Following the most recent attacks on innocent civilians, President Uhuru Kenyatta said, “The terrorists would like a war of religion, bringing to an end our history of tolerance. This country will not allow it. The terrorists will be treated as the vicious criminals they are, and our tradition of easy coexistence will be maintained”.
The President’s assessment of Al-Shabaab’s motives in launching a war against the common man is correct.
This group is indeed attempting, through targeted attacks, to tar the entire Somali community with the same brush. Their goal is to ensure an equation that states Somali=Terrorist.

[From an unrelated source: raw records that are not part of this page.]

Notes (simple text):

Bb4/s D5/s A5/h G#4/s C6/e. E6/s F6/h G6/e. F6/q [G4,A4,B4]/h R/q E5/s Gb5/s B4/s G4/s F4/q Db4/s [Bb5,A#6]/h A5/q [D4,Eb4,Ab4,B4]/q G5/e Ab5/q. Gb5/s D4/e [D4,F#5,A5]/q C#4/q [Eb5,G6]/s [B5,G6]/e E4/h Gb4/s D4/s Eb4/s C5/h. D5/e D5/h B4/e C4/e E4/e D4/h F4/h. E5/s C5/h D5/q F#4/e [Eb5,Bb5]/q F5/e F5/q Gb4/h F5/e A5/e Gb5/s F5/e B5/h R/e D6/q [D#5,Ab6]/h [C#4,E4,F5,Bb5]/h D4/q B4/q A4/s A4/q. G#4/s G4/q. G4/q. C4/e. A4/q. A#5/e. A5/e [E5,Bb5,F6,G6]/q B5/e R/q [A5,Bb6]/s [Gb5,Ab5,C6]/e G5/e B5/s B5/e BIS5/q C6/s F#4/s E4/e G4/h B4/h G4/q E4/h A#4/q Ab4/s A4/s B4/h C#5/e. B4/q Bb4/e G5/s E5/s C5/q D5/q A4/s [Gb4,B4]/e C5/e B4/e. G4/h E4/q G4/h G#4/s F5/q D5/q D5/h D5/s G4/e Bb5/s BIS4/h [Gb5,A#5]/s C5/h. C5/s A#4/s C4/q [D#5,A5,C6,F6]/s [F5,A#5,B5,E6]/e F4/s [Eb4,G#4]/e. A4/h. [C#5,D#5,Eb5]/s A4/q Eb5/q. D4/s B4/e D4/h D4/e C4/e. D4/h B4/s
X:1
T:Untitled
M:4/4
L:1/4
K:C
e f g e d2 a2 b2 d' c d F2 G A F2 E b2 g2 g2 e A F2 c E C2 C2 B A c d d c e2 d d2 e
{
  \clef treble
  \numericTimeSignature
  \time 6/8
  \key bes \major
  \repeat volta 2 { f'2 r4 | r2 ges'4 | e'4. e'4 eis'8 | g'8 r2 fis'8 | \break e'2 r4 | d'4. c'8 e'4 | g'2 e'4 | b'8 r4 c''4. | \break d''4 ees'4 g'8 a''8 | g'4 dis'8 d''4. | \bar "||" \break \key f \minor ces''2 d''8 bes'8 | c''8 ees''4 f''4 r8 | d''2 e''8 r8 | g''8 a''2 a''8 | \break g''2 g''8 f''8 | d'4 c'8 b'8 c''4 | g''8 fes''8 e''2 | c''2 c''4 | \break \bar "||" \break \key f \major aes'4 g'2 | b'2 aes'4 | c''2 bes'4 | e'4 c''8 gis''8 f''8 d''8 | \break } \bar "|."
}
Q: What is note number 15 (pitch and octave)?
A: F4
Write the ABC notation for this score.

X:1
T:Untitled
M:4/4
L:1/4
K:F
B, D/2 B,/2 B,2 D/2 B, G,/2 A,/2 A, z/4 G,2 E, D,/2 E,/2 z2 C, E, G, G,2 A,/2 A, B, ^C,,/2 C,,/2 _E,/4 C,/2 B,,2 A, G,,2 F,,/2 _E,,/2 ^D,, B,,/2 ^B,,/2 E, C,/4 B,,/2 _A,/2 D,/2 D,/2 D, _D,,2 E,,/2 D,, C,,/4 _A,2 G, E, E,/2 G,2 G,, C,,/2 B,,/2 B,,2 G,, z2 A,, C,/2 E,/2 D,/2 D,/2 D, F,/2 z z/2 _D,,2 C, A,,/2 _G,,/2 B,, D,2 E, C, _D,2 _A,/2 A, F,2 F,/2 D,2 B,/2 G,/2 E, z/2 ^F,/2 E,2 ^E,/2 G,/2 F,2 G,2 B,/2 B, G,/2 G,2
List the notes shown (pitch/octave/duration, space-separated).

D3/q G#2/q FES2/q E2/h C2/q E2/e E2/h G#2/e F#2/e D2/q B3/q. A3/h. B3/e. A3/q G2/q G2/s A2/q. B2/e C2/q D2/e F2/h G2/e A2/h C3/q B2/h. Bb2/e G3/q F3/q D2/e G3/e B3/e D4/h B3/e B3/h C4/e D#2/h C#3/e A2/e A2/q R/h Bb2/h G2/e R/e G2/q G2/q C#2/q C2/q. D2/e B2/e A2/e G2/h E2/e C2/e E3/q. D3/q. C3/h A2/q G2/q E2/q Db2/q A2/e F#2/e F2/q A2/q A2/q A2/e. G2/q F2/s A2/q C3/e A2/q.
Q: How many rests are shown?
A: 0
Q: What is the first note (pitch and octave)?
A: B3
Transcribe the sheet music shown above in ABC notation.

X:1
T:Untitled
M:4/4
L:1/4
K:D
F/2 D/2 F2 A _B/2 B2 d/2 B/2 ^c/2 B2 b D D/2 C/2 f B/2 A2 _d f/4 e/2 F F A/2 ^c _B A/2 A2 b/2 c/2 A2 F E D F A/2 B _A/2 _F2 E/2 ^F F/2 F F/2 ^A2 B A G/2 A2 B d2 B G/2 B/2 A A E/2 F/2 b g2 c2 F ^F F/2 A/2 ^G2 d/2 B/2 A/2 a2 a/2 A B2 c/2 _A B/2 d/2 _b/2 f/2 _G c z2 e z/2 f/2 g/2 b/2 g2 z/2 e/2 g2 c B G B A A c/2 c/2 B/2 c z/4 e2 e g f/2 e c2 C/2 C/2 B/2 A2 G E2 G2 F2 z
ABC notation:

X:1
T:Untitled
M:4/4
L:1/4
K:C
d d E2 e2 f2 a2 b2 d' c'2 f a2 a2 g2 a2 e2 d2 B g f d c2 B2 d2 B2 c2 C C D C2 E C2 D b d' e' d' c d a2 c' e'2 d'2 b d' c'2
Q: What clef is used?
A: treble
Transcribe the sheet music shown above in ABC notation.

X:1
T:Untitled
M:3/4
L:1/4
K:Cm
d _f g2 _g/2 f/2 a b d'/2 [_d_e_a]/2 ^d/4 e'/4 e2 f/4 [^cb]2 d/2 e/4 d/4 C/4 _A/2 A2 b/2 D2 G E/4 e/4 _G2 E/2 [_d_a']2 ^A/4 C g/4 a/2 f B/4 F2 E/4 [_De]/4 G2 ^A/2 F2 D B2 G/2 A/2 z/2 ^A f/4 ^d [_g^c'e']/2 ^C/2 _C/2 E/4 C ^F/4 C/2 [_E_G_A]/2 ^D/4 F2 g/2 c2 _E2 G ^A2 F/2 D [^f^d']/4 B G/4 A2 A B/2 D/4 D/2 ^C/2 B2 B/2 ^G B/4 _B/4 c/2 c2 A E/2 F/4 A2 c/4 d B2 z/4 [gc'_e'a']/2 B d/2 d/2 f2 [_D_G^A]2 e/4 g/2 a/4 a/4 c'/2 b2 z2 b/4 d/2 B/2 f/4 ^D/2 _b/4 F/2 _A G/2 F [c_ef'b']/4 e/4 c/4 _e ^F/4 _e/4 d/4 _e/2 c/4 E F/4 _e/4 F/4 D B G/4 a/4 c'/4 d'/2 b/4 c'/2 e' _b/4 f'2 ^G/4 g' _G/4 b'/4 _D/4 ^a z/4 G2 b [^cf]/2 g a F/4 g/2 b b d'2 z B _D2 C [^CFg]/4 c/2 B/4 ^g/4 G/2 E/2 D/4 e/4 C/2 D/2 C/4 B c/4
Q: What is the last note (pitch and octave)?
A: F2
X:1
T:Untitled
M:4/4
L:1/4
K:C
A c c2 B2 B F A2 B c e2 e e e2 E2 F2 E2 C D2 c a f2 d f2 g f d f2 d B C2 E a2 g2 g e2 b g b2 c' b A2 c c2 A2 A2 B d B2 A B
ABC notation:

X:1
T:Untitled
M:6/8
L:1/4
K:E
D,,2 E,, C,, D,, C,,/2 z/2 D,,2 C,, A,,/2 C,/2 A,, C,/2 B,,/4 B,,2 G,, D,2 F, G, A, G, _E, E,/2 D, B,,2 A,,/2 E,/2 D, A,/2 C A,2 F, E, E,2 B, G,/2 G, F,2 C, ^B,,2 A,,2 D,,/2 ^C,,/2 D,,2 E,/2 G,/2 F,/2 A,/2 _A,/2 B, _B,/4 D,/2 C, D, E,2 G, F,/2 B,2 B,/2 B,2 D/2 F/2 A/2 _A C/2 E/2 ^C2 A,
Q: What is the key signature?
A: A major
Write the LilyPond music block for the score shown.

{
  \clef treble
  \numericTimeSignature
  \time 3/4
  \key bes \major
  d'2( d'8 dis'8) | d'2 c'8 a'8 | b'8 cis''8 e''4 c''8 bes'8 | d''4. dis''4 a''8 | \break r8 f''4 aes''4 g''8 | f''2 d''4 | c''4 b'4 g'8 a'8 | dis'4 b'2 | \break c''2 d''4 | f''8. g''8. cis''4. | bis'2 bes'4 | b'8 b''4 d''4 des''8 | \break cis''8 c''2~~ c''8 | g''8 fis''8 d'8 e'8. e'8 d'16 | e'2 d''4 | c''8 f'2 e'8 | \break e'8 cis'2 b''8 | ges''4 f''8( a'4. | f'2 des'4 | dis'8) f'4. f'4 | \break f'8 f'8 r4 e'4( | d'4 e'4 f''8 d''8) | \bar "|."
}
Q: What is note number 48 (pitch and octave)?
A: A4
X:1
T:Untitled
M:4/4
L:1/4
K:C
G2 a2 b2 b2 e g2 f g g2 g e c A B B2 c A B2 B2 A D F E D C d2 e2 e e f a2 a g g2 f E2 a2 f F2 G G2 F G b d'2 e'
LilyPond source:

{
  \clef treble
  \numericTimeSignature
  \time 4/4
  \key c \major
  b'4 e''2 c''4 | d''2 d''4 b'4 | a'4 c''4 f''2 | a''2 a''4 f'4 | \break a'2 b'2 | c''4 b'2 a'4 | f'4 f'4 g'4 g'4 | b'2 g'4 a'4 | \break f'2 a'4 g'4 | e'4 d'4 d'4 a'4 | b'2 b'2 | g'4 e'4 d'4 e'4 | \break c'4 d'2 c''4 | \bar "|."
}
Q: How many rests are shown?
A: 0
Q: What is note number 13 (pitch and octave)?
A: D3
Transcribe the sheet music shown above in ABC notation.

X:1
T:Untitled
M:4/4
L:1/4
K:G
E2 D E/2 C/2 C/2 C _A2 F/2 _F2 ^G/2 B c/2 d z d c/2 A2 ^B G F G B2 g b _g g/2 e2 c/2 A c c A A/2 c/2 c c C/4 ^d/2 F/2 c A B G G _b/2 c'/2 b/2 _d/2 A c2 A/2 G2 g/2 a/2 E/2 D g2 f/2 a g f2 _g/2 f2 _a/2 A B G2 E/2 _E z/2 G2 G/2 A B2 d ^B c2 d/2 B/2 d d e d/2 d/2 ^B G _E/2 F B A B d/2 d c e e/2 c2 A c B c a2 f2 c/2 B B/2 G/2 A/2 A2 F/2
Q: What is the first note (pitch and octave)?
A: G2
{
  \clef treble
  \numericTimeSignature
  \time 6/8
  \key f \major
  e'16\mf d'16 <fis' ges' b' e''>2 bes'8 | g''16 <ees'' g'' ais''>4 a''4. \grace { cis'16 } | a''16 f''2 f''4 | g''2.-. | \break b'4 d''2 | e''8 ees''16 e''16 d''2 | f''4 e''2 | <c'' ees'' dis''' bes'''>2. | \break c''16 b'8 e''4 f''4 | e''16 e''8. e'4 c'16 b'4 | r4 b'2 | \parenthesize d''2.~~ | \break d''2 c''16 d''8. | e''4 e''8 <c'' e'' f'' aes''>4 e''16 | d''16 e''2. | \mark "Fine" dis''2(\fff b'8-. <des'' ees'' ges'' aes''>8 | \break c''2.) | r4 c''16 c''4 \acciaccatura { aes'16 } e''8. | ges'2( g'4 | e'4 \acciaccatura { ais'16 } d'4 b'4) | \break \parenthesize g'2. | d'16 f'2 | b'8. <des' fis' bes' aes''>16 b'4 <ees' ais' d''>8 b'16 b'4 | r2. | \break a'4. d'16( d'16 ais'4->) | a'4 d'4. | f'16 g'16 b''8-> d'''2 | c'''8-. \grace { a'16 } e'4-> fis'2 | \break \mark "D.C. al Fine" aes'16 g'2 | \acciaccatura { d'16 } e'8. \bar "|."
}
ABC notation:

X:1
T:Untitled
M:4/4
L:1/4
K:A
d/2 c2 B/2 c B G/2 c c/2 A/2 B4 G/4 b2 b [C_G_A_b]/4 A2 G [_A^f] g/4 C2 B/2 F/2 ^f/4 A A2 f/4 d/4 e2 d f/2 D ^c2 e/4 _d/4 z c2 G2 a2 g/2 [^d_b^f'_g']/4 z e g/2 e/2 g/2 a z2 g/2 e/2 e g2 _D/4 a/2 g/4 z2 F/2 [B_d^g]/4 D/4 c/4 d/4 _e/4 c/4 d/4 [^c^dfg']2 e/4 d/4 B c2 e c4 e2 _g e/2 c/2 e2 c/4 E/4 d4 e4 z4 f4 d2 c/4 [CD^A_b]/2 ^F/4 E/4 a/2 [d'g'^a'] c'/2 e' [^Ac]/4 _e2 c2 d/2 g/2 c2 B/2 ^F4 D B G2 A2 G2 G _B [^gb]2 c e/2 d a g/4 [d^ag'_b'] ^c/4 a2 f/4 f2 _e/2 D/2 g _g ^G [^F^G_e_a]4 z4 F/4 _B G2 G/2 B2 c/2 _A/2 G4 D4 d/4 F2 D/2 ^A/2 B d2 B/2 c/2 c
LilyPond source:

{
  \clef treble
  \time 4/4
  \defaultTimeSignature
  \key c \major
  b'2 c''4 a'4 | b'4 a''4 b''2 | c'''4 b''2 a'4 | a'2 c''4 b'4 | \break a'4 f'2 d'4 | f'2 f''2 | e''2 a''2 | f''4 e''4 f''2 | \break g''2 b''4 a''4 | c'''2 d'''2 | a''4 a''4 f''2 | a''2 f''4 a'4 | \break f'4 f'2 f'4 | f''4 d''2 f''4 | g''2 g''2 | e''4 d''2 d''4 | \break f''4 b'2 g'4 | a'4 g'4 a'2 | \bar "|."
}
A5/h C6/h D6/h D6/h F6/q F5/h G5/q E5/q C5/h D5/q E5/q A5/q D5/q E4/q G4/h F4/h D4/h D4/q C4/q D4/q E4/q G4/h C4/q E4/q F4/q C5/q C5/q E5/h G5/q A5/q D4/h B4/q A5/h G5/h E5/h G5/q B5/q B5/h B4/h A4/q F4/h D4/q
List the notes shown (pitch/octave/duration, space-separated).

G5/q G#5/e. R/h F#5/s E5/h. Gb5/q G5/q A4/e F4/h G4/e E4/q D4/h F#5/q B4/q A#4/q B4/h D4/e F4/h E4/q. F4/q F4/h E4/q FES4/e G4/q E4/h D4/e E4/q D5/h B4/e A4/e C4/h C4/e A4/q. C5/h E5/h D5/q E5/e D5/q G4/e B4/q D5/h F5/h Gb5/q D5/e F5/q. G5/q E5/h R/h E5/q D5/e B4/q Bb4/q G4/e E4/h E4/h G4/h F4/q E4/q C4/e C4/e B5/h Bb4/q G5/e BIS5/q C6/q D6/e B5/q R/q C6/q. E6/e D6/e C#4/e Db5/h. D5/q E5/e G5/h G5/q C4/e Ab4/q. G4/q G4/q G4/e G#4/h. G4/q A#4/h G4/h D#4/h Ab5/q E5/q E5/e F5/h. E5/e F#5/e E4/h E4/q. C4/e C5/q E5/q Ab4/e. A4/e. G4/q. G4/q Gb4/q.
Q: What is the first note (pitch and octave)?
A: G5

When one examines the 9/11 Twin Tower attacks in the United States, you realise that one of the outcomes of this attack by fanatical men was an increased number of cases of racial profiling and religious discrimination. All of a sudden, a community that was part and parcel of the American melting pot became the ‘other’. A people who weren’t really American. A people who you were scared, to date, be friends with and share a plane seat with.
An African-American comedian joked that after 9/11, the Moslem-Americans took the heat off the black community. They were the ones that everyone now hated. While he said that in jest, the sad truth is, there was some validity in the sentiment.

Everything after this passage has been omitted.